Lots has been written (such as this and this) about the vaulting ambition and impressive delivery of a complex project; I can’t really add to these on the basis of such a brief exposure, so here are a few impressions from the perspective of someone keen to see the best bits of this approach widely replicated in the UK.

First, there’s a general sensibility to domestic architecture and an attention to detail in the planning of space in the Netherlands that tends to imbue even the most ordinary of new-build development with a basic level of urban quality. Of course there is rubbish, and some of it in the name of ‘innovation’, but the Dutch love a terrace and a proper corner and they generally don’t need to be reminded to include excellent cycle infrastructure and lots of street trees in new projects. So, even in the ‘shatter zone’ parts of industrial towns like Eindhoven and Tilburg, recently-built housing – and especially its public realm – typically comes across a lot better than you’d find comparably in the UK.

This might help explain why, despite the rules for building at Almere being set out on one A4 page per plot, there’s a unity and coherence to a lot of the completed streets in Homeruskwartier which mean it blends in to a surprising extent with the similarly street-based developer housing in neighbouring parts of Almere Poort. It might also partly be because there are only so many ways you can sensibly plan and elevate a terraced house, so the sense of diversity comes from small differences in window-to-wall ratios and arrangements that are a factor of modest differences in how each custom-build household wants its rooms laid out and expects to use them.

It’d easy to get distracted by the more avant-garde statements and to deduce from them that custom-build is defined by (and condemned to remain) a niche who want their home to express their personality. But that would miss the point – the overwhelming impression is that this approach gives a lot of people who just don’t like what spec house-builders offer subtly but decisively greater control over their living environment.

Second, a surprisingly large amount of Homeruskwartier is not nifty terraces producing complex, interesting streetscapes but standalone houses often on large plots, many of which look like off-the-peg kit houses. The juxtaposition between different products (and price points) is occasionally awkward, but it’s a sign of success that the project has evidently helped attract people of wide range of incomes and family types to what a couple of decades ago was a windy bit of reclaimed land – with the emphasis of much of the development on making custom-designed homes affordable.

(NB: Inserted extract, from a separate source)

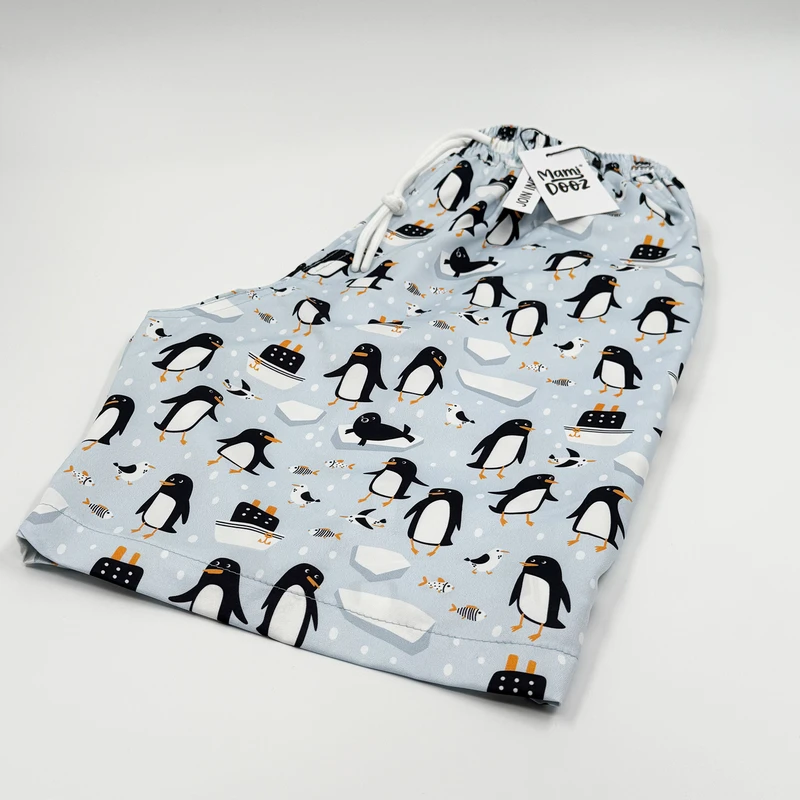 عکس شماره 4 : شلوارک مردانه مامی دوز مدل پنگو سیتی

Third, the work-in-progress parts of Homeruskwartier really are… striking. It hits home quite how pioneering it must feel to sign on the line for one of the earliest plots in a new block, knowing that you could be living amongst a building site for some time, with ‘gaps in the teeth’ of your street gradually being filled in with you know not what. For emerging UK custom build enablers (not to say planning authorities), this ‘pure’ aspect of the Dutch custom build experience may a commercial bridge too far – with projects such as Heartlands and Graven Hill – and indeed TOWN’s custom build model as deployed at own K1 Cohousing in Cambridge – taking steps to ensure fuller coordination of the delivery of projects so that buyers have some certainty over when and how their immediate environment will be ‘finished’. This might change with experience, confidence and time: what Almere shows beyond dispute is the extent to which UK custom build is at the baby steps stage compared with our Dutch counterparts.